Stored items

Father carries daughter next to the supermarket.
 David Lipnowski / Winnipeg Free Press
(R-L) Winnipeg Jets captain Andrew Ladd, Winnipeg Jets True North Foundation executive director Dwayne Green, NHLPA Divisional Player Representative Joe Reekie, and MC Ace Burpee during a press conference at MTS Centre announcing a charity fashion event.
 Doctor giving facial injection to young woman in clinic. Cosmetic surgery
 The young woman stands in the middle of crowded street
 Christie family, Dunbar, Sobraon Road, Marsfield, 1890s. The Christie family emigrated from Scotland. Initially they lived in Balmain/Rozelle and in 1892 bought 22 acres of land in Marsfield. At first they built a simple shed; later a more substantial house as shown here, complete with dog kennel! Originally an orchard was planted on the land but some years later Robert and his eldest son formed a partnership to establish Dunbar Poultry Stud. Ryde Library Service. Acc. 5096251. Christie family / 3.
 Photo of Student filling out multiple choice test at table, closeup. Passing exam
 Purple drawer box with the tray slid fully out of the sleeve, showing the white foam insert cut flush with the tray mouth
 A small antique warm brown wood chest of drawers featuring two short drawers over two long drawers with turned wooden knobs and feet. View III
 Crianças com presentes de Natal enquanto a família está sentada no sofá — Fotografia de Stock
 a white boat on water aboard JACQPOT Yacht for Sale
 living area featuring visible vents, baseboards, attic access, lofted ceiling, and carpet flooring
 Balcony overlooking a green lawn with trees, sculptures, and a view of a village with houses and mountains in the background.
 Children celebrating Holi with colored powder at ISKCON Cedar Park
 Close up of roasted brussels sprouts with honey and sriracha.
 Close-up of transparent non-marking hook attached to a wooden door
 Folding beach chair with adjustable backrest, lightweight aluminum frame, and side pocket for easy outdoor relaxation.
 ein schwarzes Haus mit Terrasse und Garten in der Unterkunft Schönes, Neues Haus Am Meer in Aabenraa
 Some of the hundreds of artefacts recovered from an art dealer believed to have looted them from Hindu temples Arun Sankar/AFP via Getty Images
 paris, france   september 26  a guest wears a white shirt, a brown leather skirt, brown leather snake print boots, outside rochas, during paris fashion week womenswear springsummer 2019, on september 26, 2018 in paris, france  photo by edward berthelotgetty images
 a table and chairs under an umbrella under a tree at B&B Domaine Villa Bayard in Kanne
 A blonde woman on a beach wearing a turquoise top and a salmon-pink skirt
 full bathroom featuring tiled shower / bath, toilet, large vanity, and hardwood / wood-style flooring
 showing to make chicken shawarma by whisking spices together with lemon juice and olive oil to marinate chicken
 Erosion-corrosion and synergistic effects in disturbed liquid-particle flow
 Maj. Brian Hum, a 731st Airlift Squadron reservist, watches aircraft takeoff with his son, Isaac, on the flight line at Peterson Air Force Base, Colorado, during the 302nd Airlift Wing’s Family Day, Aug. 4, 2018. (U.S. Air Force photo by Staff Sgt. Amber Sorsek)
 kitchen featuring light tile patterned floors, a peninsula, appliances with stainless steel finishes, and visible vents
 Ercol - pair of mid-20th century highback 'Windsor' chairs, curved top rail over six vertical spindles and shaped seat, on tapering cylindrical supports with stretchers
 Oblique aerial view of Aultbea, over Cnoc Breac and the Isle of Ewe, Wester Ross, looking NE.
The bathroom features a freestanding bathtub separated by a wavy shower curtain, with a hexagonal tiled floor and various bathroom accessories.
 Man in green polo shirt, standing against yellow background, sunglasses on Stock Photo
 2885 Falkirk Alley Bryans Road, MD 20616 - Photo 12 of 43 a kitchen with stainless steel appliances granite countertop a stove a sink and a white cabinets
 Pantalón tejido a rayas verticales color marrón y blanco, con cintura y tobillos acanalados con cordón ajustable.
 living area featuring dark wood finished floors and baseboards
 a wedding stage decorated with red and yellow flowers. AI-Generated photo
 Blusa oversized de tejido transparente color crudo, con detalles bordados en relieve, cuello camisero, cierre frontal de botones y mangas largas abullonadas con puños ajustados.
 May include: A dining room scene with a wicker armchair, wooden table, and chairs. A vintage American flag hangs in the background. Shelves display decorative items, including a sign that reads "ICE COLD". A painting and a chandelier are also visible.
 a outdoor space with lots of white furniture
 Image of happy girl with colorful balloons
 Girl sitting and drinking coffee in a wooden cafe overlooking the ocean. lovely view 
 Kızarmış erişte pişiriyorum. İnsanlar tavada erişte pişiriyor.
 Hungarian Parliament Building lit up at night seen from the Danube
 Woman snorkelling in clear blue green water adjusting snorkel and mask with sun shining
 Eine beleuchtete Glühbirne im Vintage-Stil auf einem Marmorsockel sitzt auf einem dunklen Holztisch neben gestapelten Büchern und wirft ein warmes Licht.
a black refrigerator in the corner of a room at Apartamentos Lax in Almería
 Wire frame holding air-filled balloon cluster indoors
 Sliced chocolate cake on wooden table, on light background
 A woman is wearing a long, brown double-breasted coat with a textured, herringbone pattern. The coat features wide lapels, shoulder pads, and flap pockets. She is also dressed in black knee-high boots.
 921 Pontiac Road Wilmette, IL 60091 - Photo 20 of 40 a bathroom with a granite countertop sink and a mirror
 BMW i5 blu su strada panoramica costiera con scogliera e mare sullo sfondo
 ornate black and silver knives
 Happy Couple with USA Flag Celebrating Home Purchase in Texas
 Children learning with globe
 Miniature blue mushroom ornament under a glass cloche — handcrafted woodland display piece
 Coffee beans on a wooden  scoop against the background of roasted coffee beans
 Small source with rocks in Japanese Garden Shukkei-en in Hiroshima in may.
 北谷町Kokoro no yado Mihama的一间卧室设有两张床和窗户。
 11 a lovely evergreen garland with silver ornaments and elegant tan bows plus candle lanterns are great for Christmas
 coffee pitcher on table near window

Activity – The lines of the records that contain the string "features" should be located and copied.

Completed exercise –
The bathroom features a freestanding bathtub separated by a wavy shower curtain, with a hexagonal tiled floor and various bathroom accessories.
 A woman is wearing a long, brown double-breasted coat with a textured, herringbone pattern. The coat features wide lapels, shoulder pads, and flap pockets. She is also dressed in black knee-high boots.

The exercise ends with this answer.